The peculiar thing about Polo’s influence is that it operated most powerfully in failure: Columbus believed he had reached Asia partly because he was measuring distances against Polo’s account, and Polo’s estimates of Asia’s eastern extent were substantially exaggerated. The distance from Europe to Japan, as Columbus extrapolated from Polo, was much smaller than reality. This mistake — which contributed to Columbus’s conviction that he had reached Asia when he reached the Caribbean — has led some historians to argue that without Marco Polo’s errors, Columbus might not have persuaded his backers that the voyage was feasible.

Marco Polo Airport: his name in daily use

Venice Marco Polo Airport (IATA: VCE) handles approximately 11 million passengers a year and is the primary international gateway to Venice. It is located on the mainland near Mestre, approximately 12 km from Piazza San Marco.

The practical question for visitors is how to get from the airport to Venice. Options include: the Alilaguna public water bus (€15, approximately 75 minutes to Piazza San Marco); a shared water taxi (approximately €25–35 per person); a private water taxi (approximately €120 for up to 6 passengers); or a bus to Piazzale Roma followed by a vaporetto into the centre.

See the Marco Polo airport transfer guide for detailed comparisons of cost and time.

Frequently asked questions about Marco Polo and Venice

Where was Marco Polo born in Venice?

The traditional site is the Corte del Milion (Corte Seconda del Milion) in Cannaregio, near the church of San Giovanni Crisostomo. The medieval houses associated with the Polo family still exist. A plaque marks the site.

Why is Marco Polo’s book called ‘Il Milione’?

‘Il Milione’ is the nickname most used in Venice. It derives either from the Polo family nickname (possibly meaning million, referring to their wealth) or from the supposed scale of exaggerations in the book.

Did Marco Polo really travel to China?

The broad outlines — overland through Persia and Central Asia to Kublai Khan’s court, nearly 17 years in Asia, return by sea — are accepted by most historians.

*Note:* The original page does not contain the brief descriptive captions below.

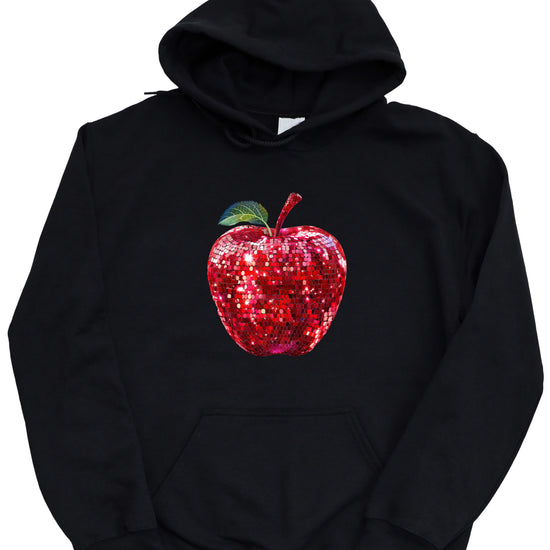 Black glitter apple teacher hoodie view 7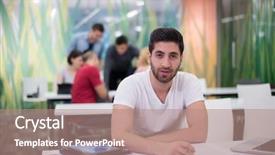  Presentation with memory computer - Cool new slide set with classroom working homework and learning backdrop and a coral colored foreground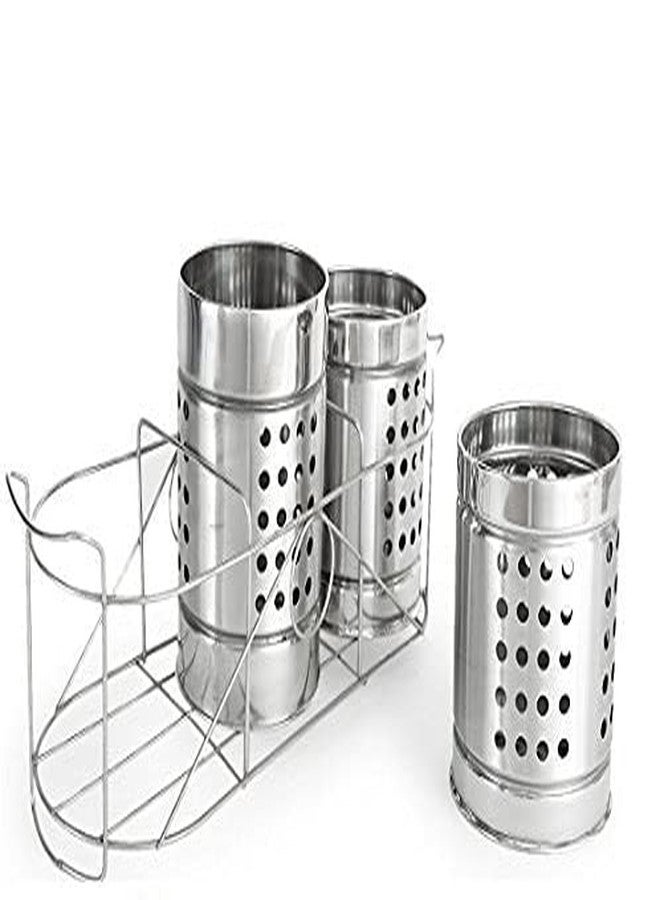 AG Enterprises حامل أدوات المائدة المصنوع من الفولاذ المقاوم للصدأ من شركة AG Enterprises، مطلي بالكروم - Image 4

Some specific claims have been questioned, but the consensus is that he did travel to Asia.

What is named after Marco Polo in Venice?

Venice Marco Polo Airport (VCE) is the most prominent example. Various streets and commercial establishments in Venice also bear the Polo name.

When did Marco Polo return to Venice and what happened after?

Marco Polo returned to Venice in 1295. In 1298 he was captured at the Battle of Curzola fighting for Venice against Genoa. While imprisoned, he dictated his travels to Rustichello da Pisa. He returned to Venice in 1299, married, had three daughters, and died there in 1324.